There are twisting roads in Norway, but none as twisting as the trollstigen. Climbing up on three mountain walls over a huge water fall over a stone arch bridge and you have anumber of samller water falls all around you.

A view to the valley towards Romsdal.

Halfway on the climb we cross a roaring water fall before the last leg.

All around you are dwarfed by mountain peaks, some allmost 2000meters high.

The mix of light and light haze from the warm surface water of the ocean gives wonderful effects.

Not for the weak hearted a look down and the twisting road.

As we close in to the summit, the ground is still mostly snow covered in early June. As a tradition travellers has piled rocks over the years and has become a bit of surreal piece of the landscape.

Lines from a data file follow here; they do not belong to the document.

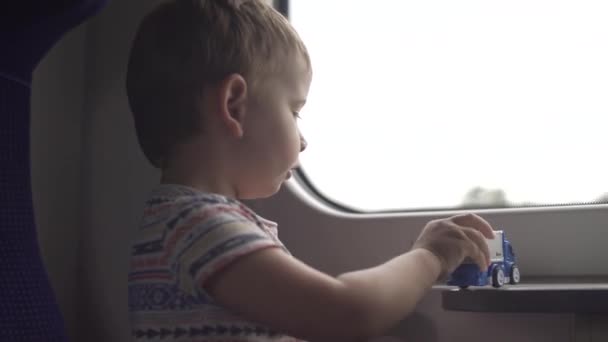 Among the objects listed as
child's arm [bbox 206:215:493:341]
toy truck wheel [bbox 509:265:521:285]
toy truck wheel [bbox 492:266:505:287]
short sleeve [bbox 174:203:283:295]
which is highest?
short sleeve [bbox 174:203:283:295]

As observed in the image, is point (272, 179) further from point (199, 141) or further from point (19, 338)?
point (19, 338)

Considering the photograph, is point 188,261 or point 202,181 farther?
point 202,181

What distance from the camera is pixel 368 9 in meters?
1.17

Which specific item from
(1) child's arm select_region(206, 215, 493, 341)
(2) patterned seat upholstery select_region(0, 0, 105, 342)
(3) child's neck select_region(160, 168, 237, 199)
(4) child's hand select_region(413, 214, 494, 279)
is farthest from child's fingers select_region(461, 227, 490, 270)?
(2) patterned seat upholstery select_region(0, 0, 105, 342)

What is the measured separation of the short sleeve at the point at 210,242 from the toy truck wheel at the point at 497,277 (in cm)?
28

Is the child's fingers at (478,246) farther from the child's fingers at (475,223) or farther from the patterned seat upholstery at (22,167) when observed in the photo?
the patterned seat upholstery at (22,167)

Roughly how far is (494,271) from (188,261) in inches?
13.9

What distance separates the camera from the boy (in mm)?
640

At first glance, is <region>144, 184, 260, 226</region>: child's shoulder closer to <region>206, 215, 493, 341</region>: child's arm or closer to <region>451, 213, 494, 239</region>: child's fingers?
<region>206, 215, 493, 341</region>: child's arm

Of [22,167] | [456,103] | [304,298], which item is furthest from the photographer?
[456,103]

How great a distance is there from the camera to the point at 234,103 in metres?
0.78

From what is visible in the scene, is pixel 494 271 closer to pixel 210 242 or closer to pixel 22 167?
pixel 210 242

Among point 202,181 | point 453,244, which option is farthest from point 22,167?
point 453,244

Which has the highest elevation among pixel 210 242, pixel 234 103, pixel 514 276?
pixel 234 103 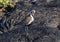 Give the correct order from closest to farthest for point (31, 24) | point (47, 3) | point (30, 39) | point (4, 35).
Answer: point (30, 39) → point (4, 35) → point (31, 24) → point (47, 3)

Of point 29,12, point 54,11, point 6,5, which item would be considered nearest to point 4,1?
point 6,5

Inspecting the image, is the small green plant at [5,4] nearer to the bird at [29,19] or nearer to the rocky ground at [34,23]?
the rocky ground at [34,23]

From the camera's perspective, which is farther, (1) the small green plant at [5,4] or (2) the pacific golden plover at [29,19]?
(1) the small green plant at [5,4]

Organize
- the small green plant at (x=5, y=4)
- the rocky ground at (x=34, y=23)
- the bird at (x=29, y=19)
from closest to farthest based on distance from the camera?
the rocky ground at (x=34, y=23)
the bird at (x=29, y=19)
the small green plant at (x=5, y=4)

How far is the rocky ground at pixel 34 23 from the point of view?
5829 millimetres

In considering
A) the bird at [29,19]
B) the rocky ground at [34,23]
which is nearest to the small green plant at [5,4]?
the rocky ground at [34,23]

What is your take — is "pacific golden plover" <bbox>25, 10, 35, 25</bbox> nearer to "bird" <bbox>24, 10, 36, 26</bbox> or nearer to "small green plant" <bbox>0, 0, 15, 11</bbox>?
"bird" <bbox>24, 10, 36, 26</bbox>

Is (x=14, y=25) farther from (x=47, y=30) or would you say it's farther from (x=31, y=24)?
(x=47, y=30)

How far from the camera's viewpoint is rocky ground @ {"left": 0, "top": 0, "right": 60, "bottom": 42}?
5.83 m

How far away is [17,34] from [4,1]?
3.03 metres

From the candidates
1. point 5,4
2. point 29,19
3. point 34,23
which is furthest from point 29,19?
point 5,4

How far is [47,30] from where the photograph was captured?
6.02 m

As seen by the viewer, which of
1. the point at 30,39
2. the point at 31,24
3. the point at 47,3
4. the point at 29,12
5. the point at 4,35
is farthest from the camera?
the point at 47,3

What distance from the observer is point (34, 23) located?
6.75 metres
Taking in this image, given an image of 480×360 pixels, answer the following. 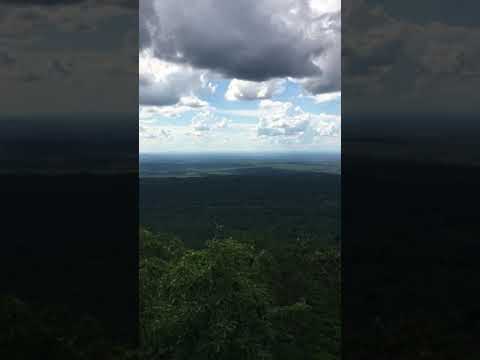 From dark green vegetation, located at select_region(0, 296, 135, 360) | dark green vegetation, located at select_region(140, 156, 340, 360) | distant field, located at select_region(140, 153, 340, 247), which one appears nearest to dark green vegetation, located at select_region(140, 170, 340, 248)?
distant field, located at select_region(140, 153, 340, 247)

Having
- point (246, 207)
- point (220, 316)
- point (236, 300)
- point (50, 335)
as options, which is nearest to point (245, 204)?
point (246, 207)

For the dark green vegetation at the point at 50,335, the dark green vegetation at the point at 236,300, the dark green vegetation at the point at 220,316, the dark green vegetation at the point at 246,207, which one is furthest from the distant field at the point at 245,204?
the dark green vegetation at the point at 50,335

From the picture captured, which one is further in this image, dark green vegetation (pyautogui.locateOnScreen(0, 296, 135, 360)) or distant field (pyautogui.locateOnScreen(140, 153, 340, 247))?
distant field (pyautogui.locateOnScreen(140, 153, 340, 247))

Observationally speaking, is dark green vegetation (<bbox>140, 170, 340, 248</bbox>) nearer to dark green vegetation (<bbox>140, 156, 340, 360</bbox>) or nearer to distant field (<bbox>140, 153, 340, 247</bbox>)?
distant field (<bbox>140, 153, 340, 247</bbox>)

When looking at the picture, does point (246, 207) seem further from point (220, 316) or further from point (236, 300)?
point (220, 316)

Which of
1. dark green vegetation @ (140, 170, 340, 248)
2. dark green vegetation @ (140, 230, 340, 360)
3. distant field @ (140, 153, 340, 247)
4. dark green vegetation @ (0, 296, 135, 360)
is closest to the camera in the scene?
dark green vegetation @ (0, 296, 135, 360)

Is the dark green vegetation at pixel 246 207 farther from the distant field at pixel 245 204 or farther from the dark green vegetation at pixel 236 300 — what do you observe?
the dark green vegetation at pixel 236 300

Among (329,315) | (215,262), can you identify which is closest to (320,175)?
(329,315)

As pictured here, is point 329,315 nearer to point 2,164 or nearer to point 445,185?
point 445,185
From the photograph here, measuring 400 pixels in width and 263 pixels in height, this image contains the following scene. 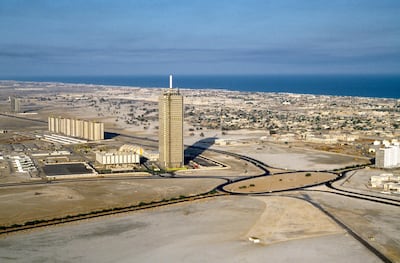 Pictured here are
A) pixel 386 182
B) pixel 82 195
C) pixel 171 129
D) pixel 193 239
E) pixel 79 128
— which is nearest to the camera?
pixel 193 239

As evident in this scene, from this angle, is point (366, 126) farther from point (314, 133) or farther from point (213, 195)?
point (213, 195)

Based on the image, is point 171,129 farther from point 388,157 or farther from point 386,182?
point 388,157

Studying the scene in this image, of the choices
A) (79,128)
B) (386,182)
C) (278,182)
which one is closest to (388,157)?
(386,182)

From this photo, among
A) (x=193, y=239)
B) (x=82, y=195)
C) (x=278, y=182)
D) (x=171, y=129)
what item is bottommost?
(x=193, y=239)

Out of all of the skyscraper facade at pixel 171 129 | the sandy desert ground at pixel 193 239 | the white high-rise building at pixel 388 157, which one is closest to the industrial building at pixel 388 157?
the white high-rise building at pixel 388 157

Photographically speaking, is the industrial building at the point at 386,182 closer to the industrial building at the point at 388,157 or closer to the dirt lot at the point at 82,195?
the industrial building at the point at 388,157

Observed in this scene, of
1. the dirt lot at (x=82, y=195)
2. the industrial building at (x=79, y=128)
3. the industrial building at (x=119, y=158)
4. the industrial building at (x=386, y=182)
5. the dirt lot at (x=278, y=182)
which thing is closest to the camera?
the dirt lot at (x=82, y=195)

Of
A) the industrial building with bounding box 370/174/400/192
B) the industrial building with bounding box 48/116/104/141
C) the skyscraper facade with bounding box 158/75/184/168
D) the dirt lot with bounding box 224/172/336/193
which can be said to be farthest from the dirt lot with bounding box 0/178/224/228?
the industrial building with bounding box 48/116/104/141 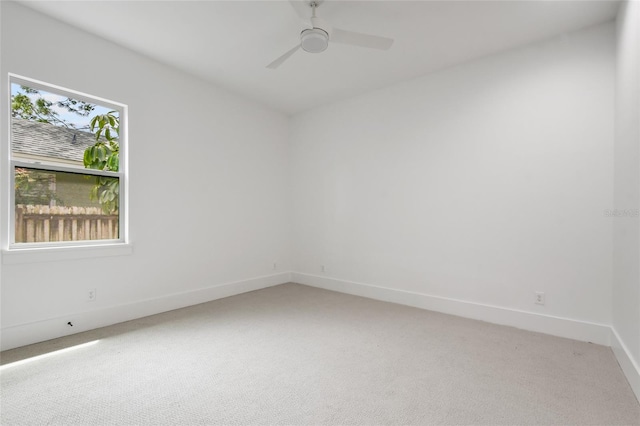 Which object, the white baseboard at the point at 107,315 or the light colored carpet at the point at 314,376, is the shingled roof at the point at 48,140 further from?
the light colored carpet at the point at 314,376

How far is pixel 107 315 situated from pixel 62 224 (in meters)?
0.97

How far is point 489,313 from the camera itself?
10.7 feet

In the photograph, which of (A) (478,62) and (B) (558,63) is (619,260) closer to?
(B) (558,63)

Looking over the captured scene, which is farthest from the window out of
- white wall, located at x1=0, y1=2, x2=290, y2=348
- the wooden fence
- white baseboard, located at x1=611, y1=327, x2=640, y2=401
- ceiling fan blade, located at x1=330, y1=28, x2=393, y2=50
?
white baseboard, located at x1=611, y1=327, x2=640, y2=401

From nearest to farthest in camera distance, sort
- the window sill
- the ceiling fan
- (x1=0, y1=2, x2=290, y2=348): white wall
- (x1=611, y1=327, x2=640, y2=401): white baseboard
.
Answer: (x1=611, y1=327, x2=640, y2=401): white baseboard, the ceiling fan, the window sill, (x1=0, y1=2, x2=290, y2=348): white wall

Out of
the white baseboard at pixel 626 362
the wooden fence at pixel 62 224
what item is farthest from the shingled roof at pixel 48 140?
the white baseboard at pixel 626 362

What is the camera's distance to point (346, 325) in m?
3.12

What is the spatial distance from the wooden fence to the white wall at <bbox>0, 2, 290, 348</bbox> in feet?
0.77

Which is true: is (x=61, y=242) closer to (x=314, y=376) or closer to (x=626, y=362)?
(x=314, y=376)

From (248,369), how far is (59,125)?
282cm

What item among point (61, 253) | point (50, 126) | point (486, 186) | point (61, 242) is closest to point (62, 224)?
point (61, 242)

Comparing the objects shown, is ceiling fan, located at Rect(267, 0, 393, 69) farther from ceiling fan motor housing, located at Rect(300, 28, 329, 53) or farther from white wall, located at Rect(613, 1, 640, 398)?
white wall, located at Rect(613, 1, 640, 398)

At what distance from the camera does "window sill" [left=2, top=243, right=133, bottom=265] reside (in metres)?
2.53

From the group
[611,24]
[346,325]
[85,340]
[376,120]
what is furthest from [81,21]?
[611,24] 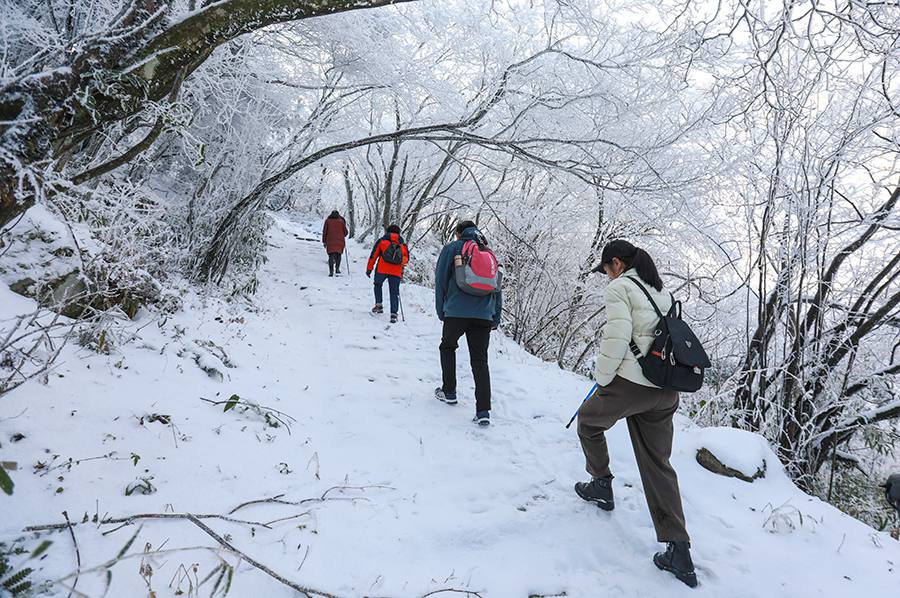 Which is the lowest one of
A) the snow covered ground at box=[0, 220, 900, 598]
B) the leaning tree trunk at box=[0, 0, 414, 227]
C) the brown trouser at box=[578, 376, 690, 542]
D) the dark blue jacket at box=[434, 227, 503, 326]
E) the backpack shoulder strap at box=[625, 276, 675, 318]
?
the snow covered ground at box=[0, 220, 900, 598]

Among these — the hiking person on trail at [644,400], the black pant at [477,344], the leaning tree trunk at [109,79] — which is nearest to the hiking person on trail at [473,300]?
the black pant at [477,344]

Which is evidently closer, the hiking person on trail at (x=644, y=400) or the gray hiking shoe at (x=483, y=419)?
the hiking person on trail at (x=644, y=400)

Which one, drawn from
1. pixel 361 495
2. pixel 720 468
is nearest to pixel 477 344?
pixel 361 495

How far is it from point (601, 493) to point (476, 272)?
208 centimetres

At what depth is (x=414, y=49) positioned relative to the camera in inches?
388

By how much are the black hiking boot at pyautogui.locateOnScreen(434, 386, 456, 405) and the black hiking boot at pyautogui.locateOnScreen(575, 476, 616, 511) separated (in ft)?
6.10

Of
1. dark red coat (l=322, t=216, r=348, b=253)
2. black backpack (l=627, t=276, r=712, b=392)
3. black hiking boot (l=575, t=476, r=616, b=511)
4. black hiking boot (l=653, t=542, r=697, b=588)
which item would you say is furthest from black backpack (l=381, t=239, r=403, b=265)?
black hiking boot (l=653, t=542, r=697, b=588)

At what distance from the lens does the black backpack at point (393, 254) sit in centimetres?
780

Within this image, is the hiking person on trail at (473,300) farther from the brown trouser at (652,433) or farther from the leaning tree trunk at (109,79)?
the leaning tree trunk at (109,79)

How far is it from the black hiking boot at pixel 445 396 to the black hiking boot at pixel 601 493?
1.86 metres

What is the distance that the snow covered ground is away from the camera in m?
2.14

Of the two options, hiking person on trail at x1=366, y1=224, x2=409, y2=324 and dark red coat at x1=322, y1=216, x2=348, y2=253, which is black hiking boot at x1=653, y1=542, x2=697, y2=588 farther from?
dark red coat at x1=322, y1=216, x2=348, y2=253

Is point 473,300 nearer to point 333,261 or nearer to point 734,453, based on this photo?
point 734,453

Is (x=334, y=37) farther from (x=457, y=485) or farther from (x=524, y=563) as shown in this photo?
(x=524, y=563)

The mini landsacape of piled rocks in the foreground and the big mountain scenes in background makes quite a contrast. Yes i buld one pil too. Though I guess it is not sturdy enough to stand against the winter.

Some of them have a rather bisarre shape, like they were taken from a saga.

On a clear day or at least close to a clear day you wil see the river and the towering mountains in the background. Though being on the plateu, you still can hear the roar of the massive main waterfall.

The roar from the waterfalls in the late spring and early summer is an experience. There are a number of smaller waterfalls and if you have an empty bottle you will in no time have the most delicious still water you have ever tasted, and it is served cold and refreshing!

It is hard to inmagine the hardship among the construction crews as they with simpler tools and no machines constructed this piece of marvel.

There are a lot of different yet, incredible angles for the camera. The mountain walls are huge enough to make the road look like a paved path.

If you though that you were brave enough to concuour the Trollstigen, there is allways a bit of extra challenge.

Have a look at this, this has to be the steepest road I ever seen, used as horse trail and absolutely dangerous both for the poor horse and horse man.

Somewhere, some time ago some one had an idea of piling up rocks on the passes. This tradition as it seems have been carried on by visitors as seen on the top of the ridge.